Without including any pictures, please copy every entry below exactly.

[Stored data Boundary: Start]

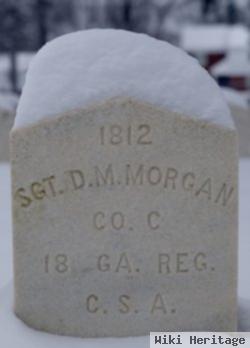 Sgt Daniel Mosely Morgan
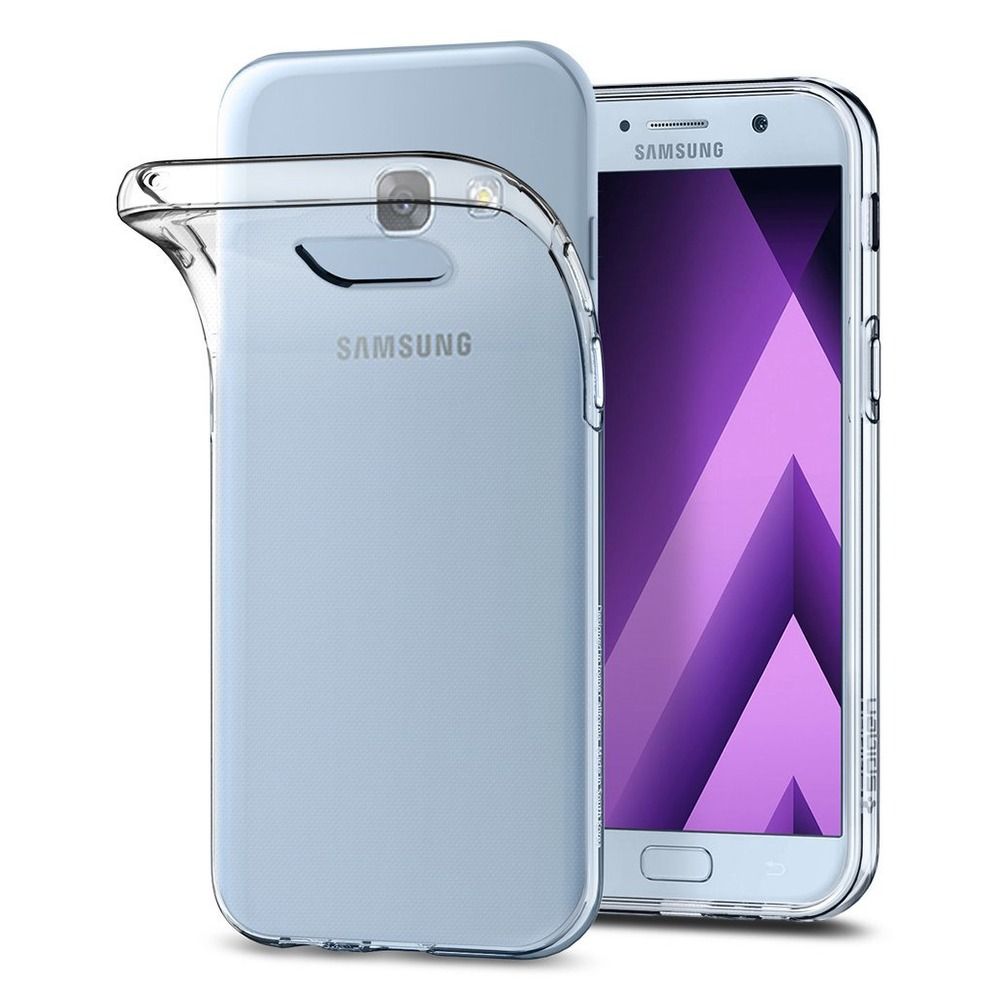 Deksel til Samsung Galaxy A8 (2018) A530, OEM, Ultra Slim, 0,5 mm, Transparent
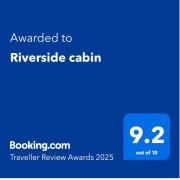 Riverside cabin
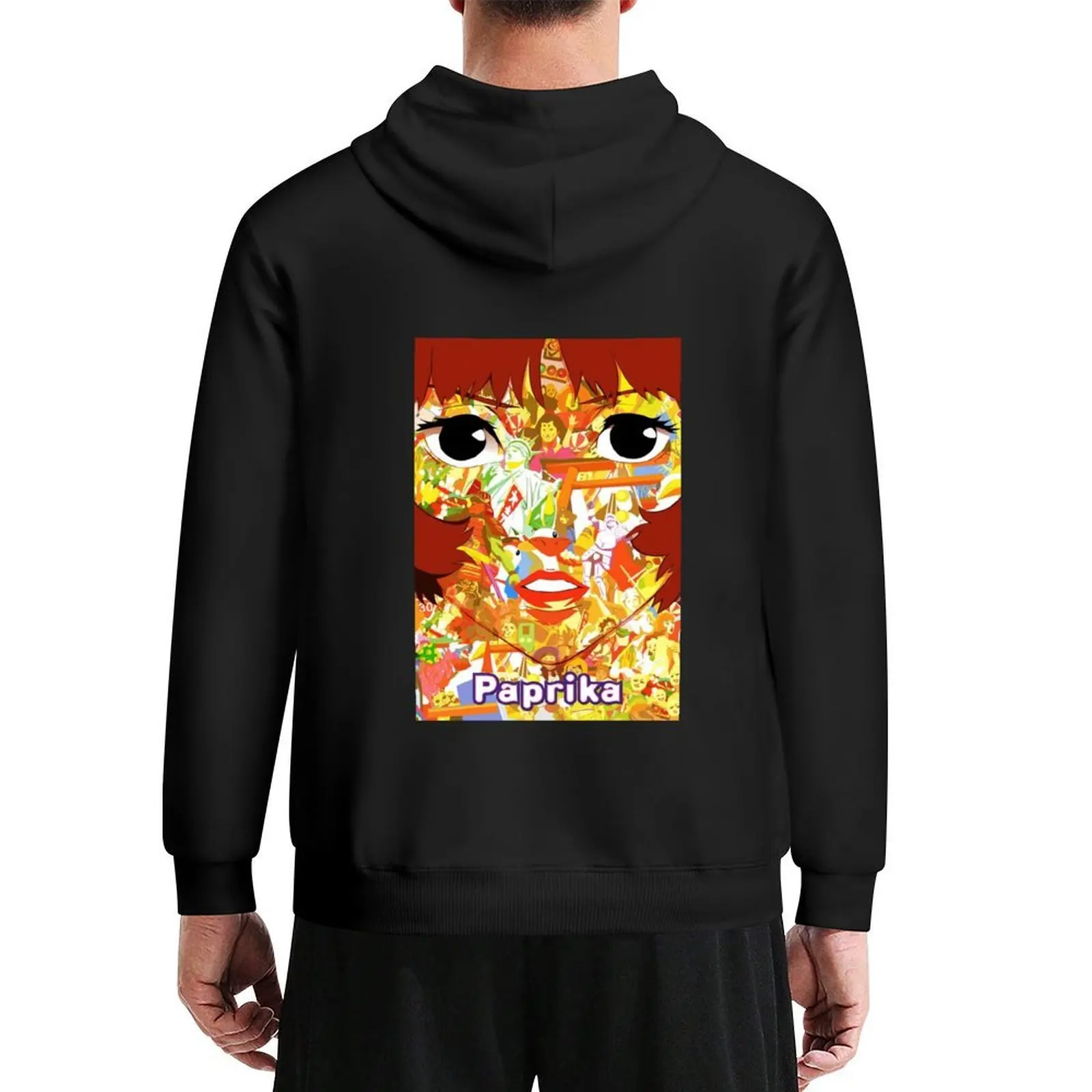 

Paprika Film Poster Poster Hoodie hooded shirt mens clothing men's sweat-shirt men's autumn clothes oversized hoodie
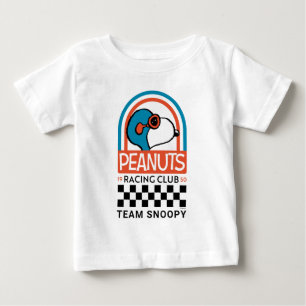 Camiseta Amendoins Clube da Corrida de Snoopy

[Stored data Boundary: End]

Response below
 Sgt Daniel Mosely Morgan
 Deksel til Samsung Galaxy A8 (2018) A530, OEM, Ultra Slim, 0,5 mm, Transparent
 Riverside cabin

Paprika Film Poster Poster Hoodie hooded shirt mens clothing men's sweat-shirt men's autumn clothes oversized hoodie
 Camiseta Amendoins Clube da Corrida de Snoopy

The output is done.